Perspectives: A Review of 2011
(Swans - December 19, 2011) With the exception of 1989, I cannot remember a more remarkable year than the one that is just about to end. 2011 will certainly go down as one of the most interesting years in contemporary history. Future historians will look back and wonder how a single year managed to pack so many actions into its 52 weeks; not since 1989 has the world witnessed so many tumultuous events in the recent past.
North African or Arab Spring: The world woke up to see North Africans waking up from their deep political slumber to challenge their fossilized rulers, who hitherto had appeared immune to the yearnings of every human soul to be free; to be unfettered to enjoy life's joys.
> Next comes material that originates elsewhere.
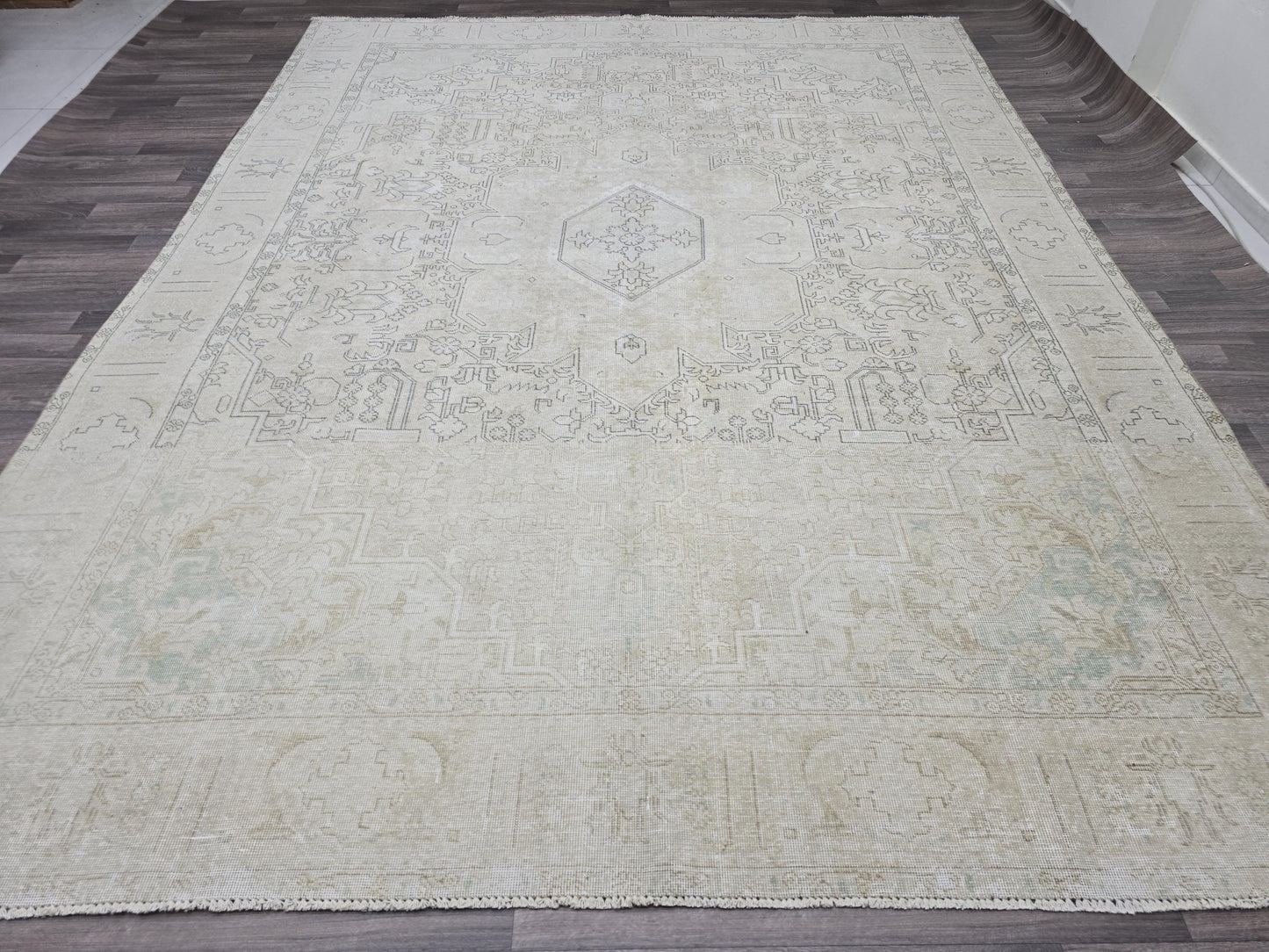 Oversized Oushak Rug 9x12: Hand-Knotted Neutral Vintage Area Rug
It started in Tunisia, the place where the famous African, Hannibal (247-183 BC), launched his assaults to conquer large parts of Europe.
How Hannibal managed to cross the Alps with his ponderous elephants to push Europeans to flight remains an endearing part of the world's military strategy/mythology.
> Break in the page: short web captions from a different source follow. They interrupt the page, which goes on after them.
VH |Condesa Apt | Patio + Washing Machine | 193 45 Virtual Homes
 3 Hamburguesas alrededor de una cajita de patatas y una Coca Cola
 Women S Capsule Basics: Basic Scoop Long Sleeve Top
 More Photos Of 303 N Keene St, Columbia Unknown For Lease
Like most revolutions, the Tunisian upheaval came from absolutely nowhere and left many experts looking rather foolish.
A young Tunisian, Mohammed Bouazizi, half-orphaned at a tender age and long employed, and pretty much abused by petty officials of a virulent dictatorship, was pushed once too far.
The young man who was his family breadwinner simply got tired of constant harassment and assaults by petty officials and spectacularly set himself afire in front of a local municipal office.
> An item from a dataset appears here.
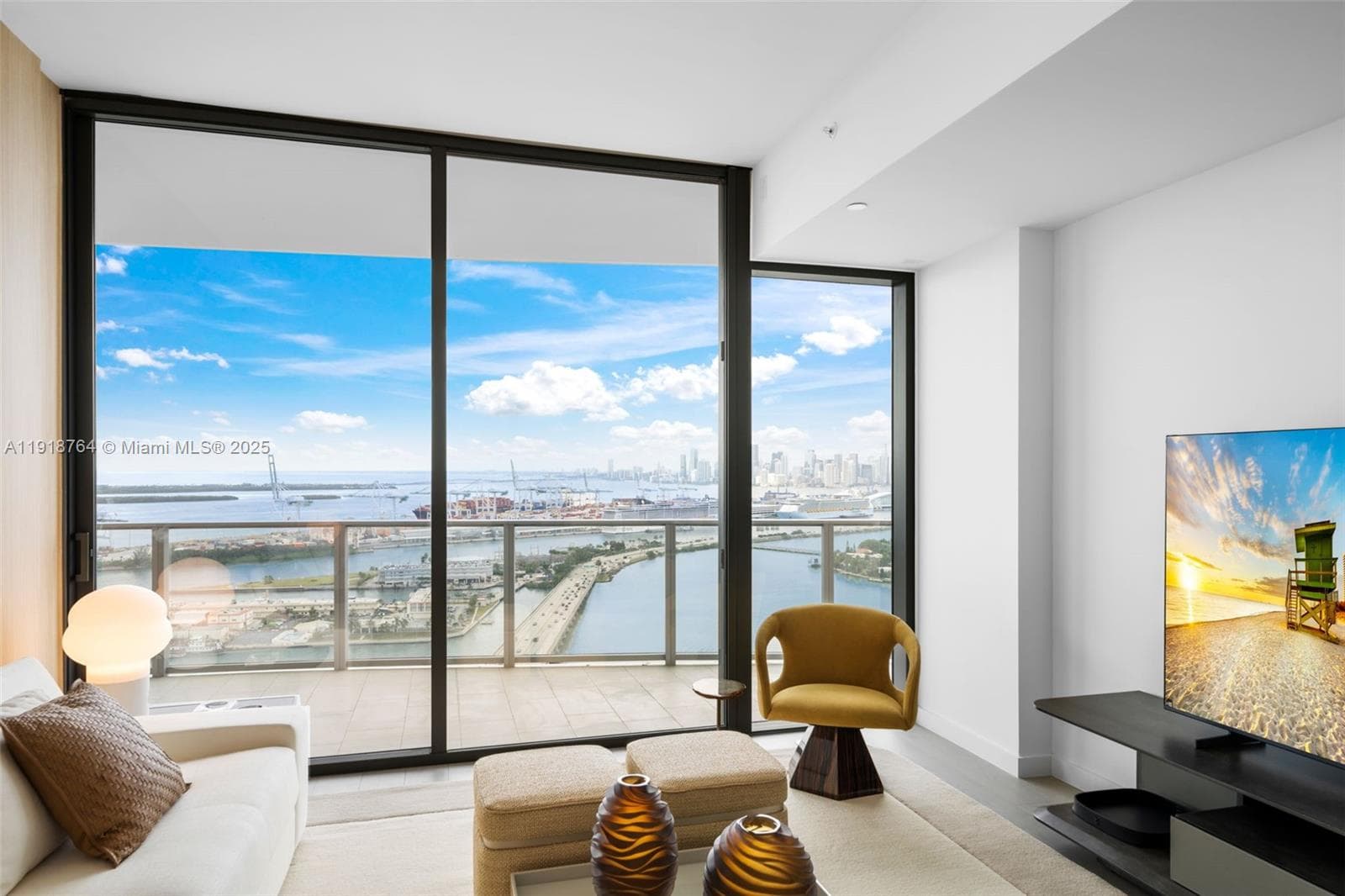 500 Alton, Miami Beach FL 33139 — 49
His action fired-up his compatriots and they rose in the millions to demand an end to their oppression.
President Ben Ali, the despot much beloved by Western (especially French) leaders, who for twenty-one years had kept a tight rein on Tunisia and made his country safe for exploitation by Western interests, tried in vain to placate his long-suffering people.
President Ali hired and fired governments in rapid successions, all to no avail. The people had enough of his twenty-one-year oppressive and corrupt rule.
Whilst ordinary Tunisians groan in agony and poverty, high-prized spin-doctors were busy praising the "achievements" of Ben Ali.
Not even the respected Pan-African New African magazine was spared egg on its face.
Inauspiciously and in a most embarrassing faux pas, the magazine ran a 15-page lascivious advertorial dedicated to singing Ben Ali and his hated wife's praises the same month the revolution began.
According to the praise-singers, Ben Ali was the best thing to happen to Carthage since Hannibal.
The advertorial boasted: "Tunisia is gradually pulling itself out of the 'developing world' into something akin to China's current status. Though the revolution is not yet complete (there is still a lot to be done), the country is surely on the right track. The first impression of Tunisia, from its capital Tunis, is a country at peace with itself. Peace in the sense of stability that gives a country the time and space to plan and implement its plan; the kind of implementation that leads to a balanced national development... A good 50% of the national budget is allocated to youth-related issues such as education, training, employment, ICT, sports, and health."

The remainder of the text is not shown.